Solve the geometry problems in the image.

Steps to Solve

1. Question 1: Find the perimeter of the rectangle

The sides of the rectangular park are given as $(x+1)$ and $(x-1)$. The perimeter of a rectangle is given by $2(length + width)$. So, the perimeter is $2[(x+1) + (x-1)] = 2(2x) = 4x$.

2. Question 2: Find the side of the equilateral triangle

The side of the square PQRS is 1.2 cm. Perimeter of the square = $4 \times side = 4 \times 1.2 = 4.8$ cm. Let the side of the equilateral triangle be $a$. Perimeter of the equilateral triangle = $3a$. Since both perimeters are the same, $3a = 4.8$. Therefore, $a = \frac{4.8}{3} = 1.6$ cm.

3. Question 3: Find the length of the rectangular park

The breadth of the rectangular park is 15.4 m. The length of the wire required for fencing is 82 m, which is the perimeter. Let the length of the park be $l$. The perimeter is $2(l + breadth)$, so $2(l + 15.4) = 82$. $l + 15.4 = \frac{82}{2} = 41$. Therefore, $l = 41 - 15.4 = 25.6$ m.

4. Question 4: Find the circumference of the circle

The diameter of the circle is 7 cm. The circumference of a circle is given by $\pi d$, where $d$ is the diameter. Therefore, the circumference is $7\pi$ cm.

5. Question 5: Find the ratio of circumferences

The ratio of the radii of two circles is 2:5. Let the radii be $2r$ and $5r$ respectively. Circumference of the first circle is $2\pi(2r) = 4\pi r$. Circumference of the second circle is $2\pi(5r) = 10\pi r$. The ratio of their circumferences is $\frac{4\pi r}{10\pi r} = \frac{4}{10} = \frac{2}{5}$. Therefore, the ratio is 2:5.

6. Question 6: Find the perimeter of the region

The sides of the square are surrounded by four semicircles each of radius 10.5 cm. This means, each side of the square serves as diameter of the semicircle. Thus the side of square is $2 \times radius = 2 \times 10.5 = 21$cm. Each semicircle's arc length is half of the circle's circumference $= \frac{1}{2} \times 2 \pi r = \pi r = \frac{22}{7} \times 10.5 = 22 \times 1.5 = 33$ cm. The perimeter of the region is the sum of the lengths of the four semicircles $= 4 \times 33 = 132$ cm.
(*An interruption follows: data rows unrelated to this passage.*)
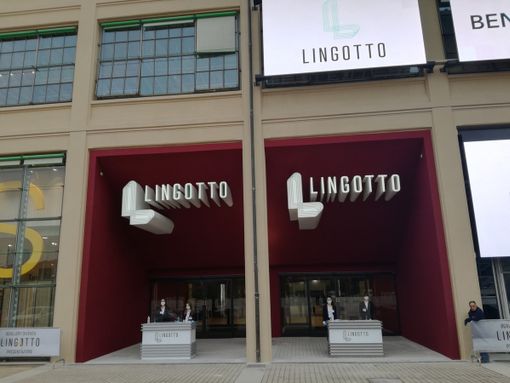 La vecchia 8 Gallery cambia faccia e nome: ecco il Centro Commerciale Lingotto (FOTO e VIDEO) La vecchia 8 Gallery cambia faccia e nome: ecco il Centro Commerciale Lingotto (FOTO e VIDEO)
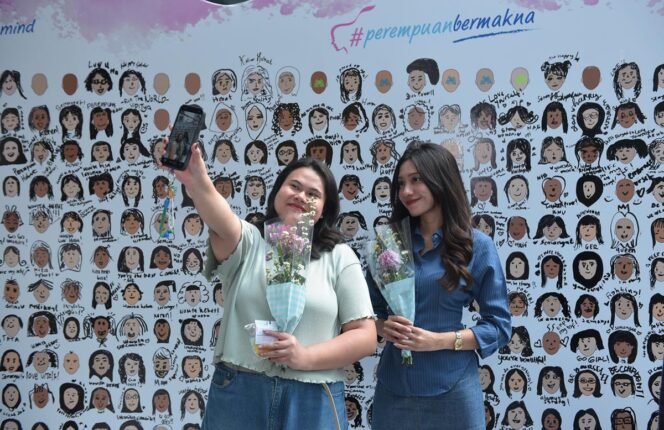 
					Rangkaian peringatan Hari Perempuan Internasional juga diperkuat melalui aktivasi digital berupa Add Yours Instagram Challenge. Foto/Astra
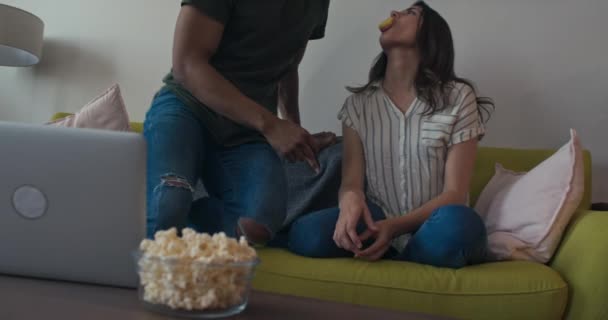 Homem Negro Alimentando Sua Namorada Pedaço Fruta Como Ele Junta — Vídeo de Stock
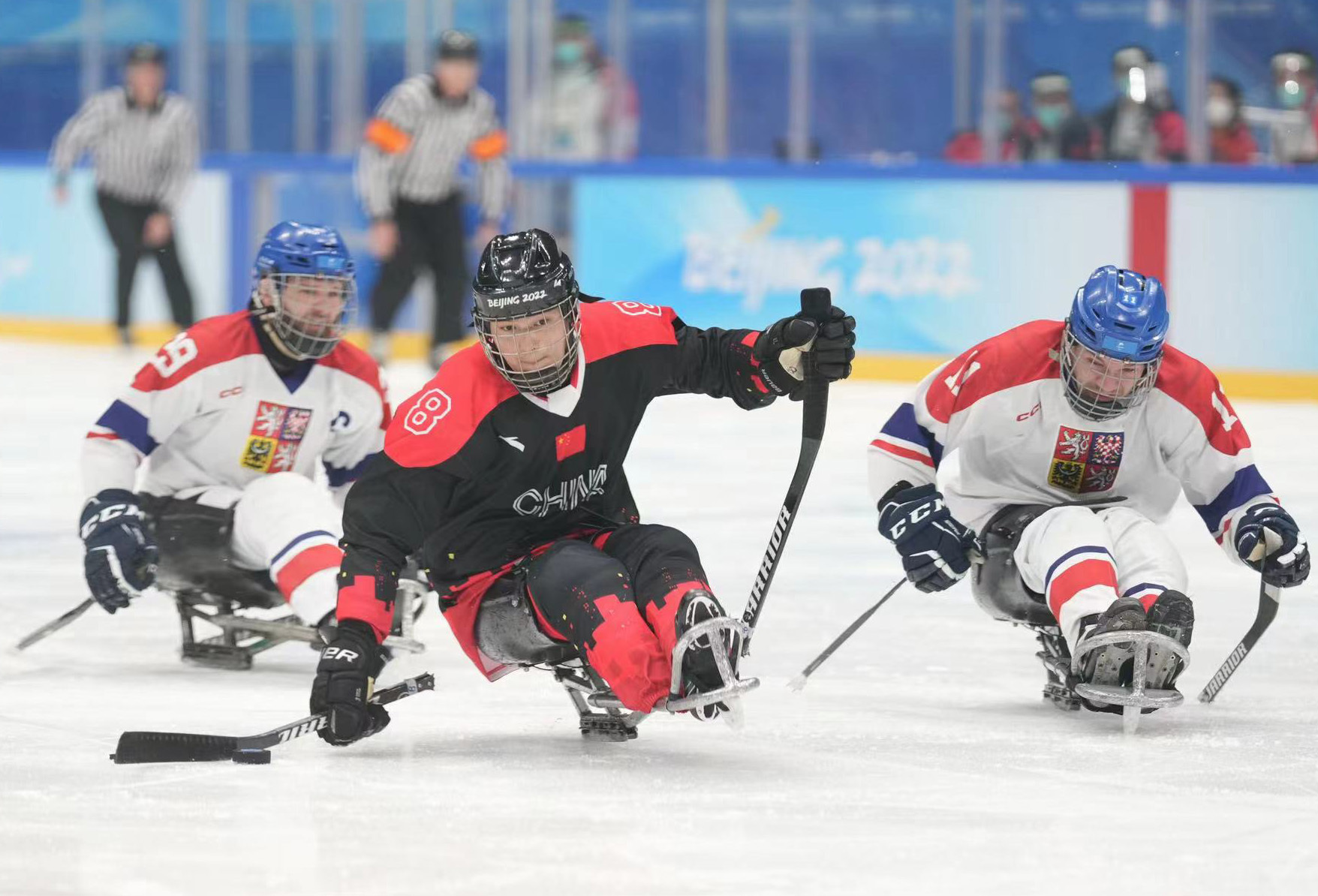 连胜势头难挡！冰球豪取十连胜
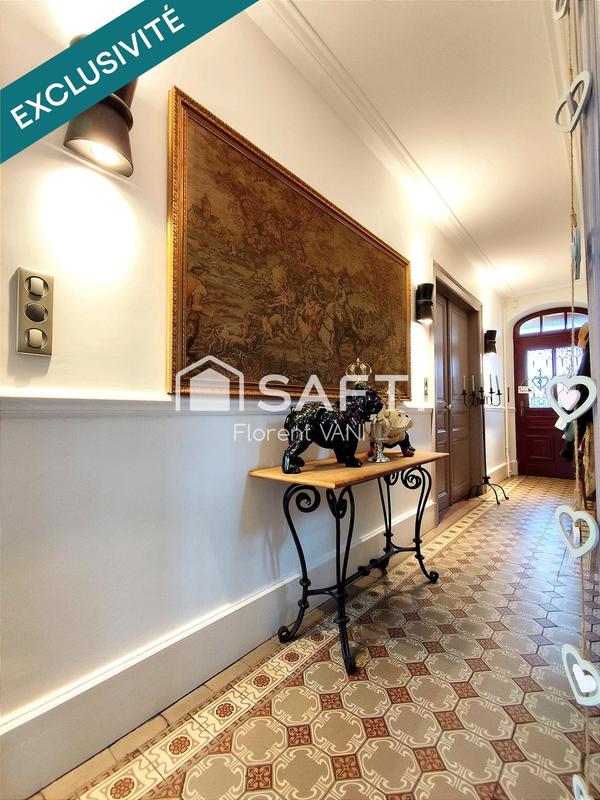 Maison - 216 m² - 9 pièces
7. Question 7: Find the radius of the circular ring

An equilateral triangle-shaped wire is rebent to form a circular ring. Let the side of the equilateral triangle be $13.2$ cm (given in the figure). The perimeter of the triangle = $3 \times 13.2 = 39.6$ cm. This length is equal to the circumference of the circular ring, so $2\pi r = 39.6$. $r = \frac{39.6}{2\pi} = \frac{39.6}{2 \times \frac{22}{7}} = \frac{39.6 \times 7}{2 \times 22} = \frac{39.6 \times 7}{44} = 0.9 \times 7 = 6.3$ cm.

8. Question 8: Find the area of the parallelogram

One side of a parallelogram is 16 cm, and the distance from this side to the opposite side (height) is 7.5 cm. The area of a parallelogram is given by $base \times height = 16 \times 7.5 = 120$ cm$^2$.

9. Question 9: Find the area of the circle

The difference between the circumference and the radius of a circle is 37 cm. $2\pi r - r = 37$, so $r(2\pi - 1) = 37$. $r(2 \times \frac{22}{7} - 1) = 37$. $r(\frac{44}{7} - 1) = 37$. $r(\frac{44-7}{7}) = 37$. $r(\frac{37}{7}) = 37$. $r = 7$ cm. The area of the circle is $\pi r^2 = \frac{22}{7} \times 7^2 = \frac{22}{7} \times 49 = 22 \times 7 = 154$ cm$^2$.

10. Question 10: Find the area of the shaded region

O is the center. Two concentric circles are shown. Radius of larger circle is 14 cm and radius of smaller circle is 7 cm. The area of the shaded region = Area of larger circle - Area of smaller circle. Area of larger circle $= \pi (14)^2 = \frac{22}{7} \times 196 = 22 \times 28 = 616$ cm$^2$. Area of smaller circle $= \pi (7)^2 = \frac{22}{7} \times 49 = 22 \times 7 = 154$ cm$^2$. Area of shaded region $= 616 - 154 = 462$ cm$^2$.